# Flowering Kale



## Dave Hutchins (Jun 4, 2008)

ISO is flowering Kale good to eat????? I have access to a great deal of it


----------



## justplainbill (Jun 5, 2008)

Elsewhere on this site I've seen mention of the edibility of flowering/decorative kale.


----------



## simplicity (Jun 5, 2008)

I have eaten it.  It's okay.   I thought it was bitter, more of an colorful accent to a salad, than a tasty one.

One thing to be mindful of is that it was grown to be an ornamental plant.  If it was purchased in a plant nursery, who knows what junk they put on it to look good?


----------



## Dave Hutchins (Jun 6, 2008)

Thanks all I will not cut and eat


----------



## Chief Longwind Of The North (Jun 8, 2008)

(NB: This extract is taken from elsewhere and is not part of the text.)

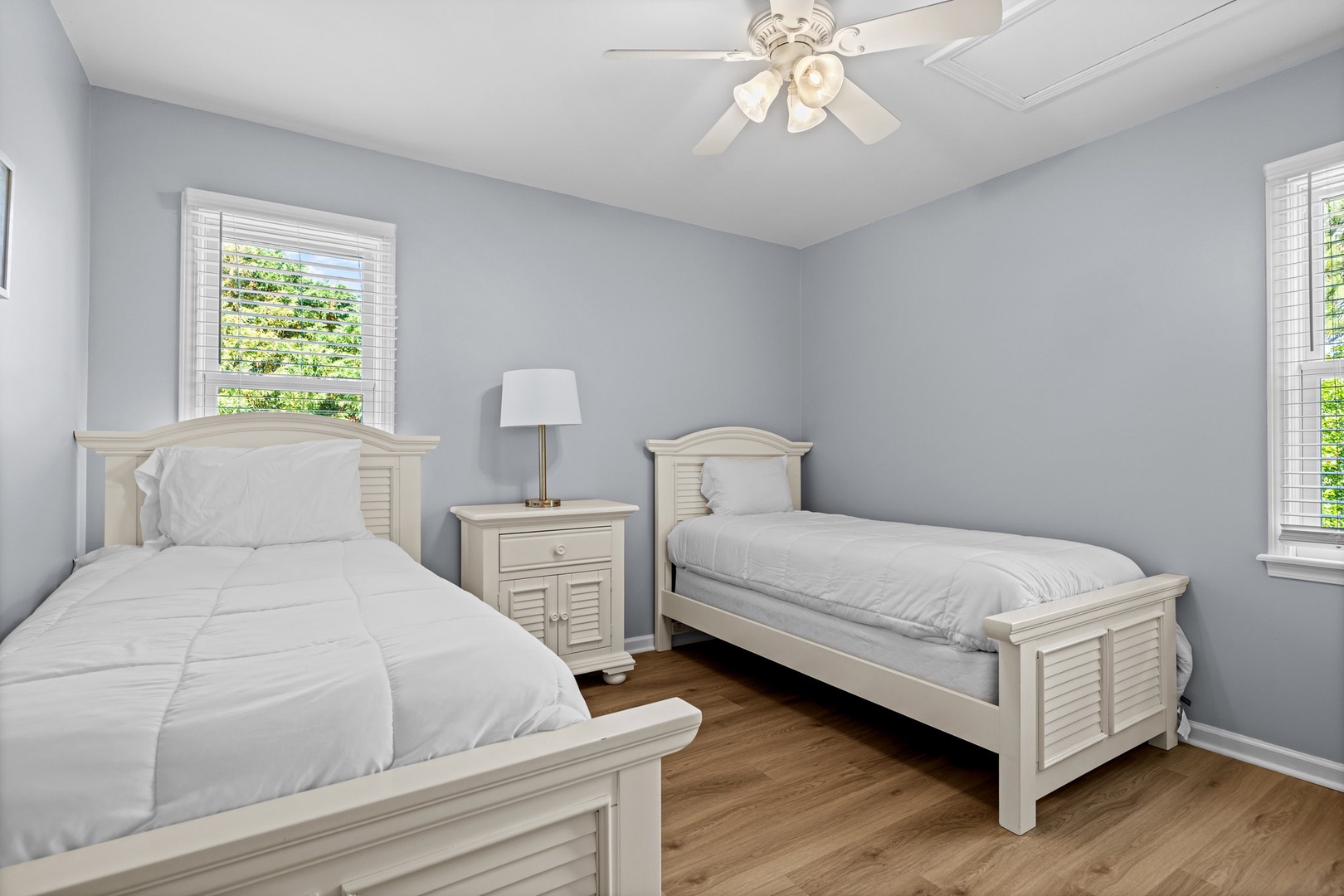 Sleep peacefully in your bright twin bedroom with classic white furnishings, hardwood floors, and gentle ceiling fan breeze.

I purchased some in our grocery store, in the produce section. I used it as a base to set the crown roast from my avatar on. That pictue in my avatar is what we ate for supper. The kale was eaten. It is edible. But treat it as you would radichio or any other salad ingredient with a bitter flavor componant. Don't let it dominate. Let it accent the other flavors. vinager/oil type salad dressing help even out the flavor of this colorful veggie.

There is a picture of that roast somewhere in the picture section of DC, under Goodweed of the North pictures.

Seeeeeya; Goodweed of the North


----------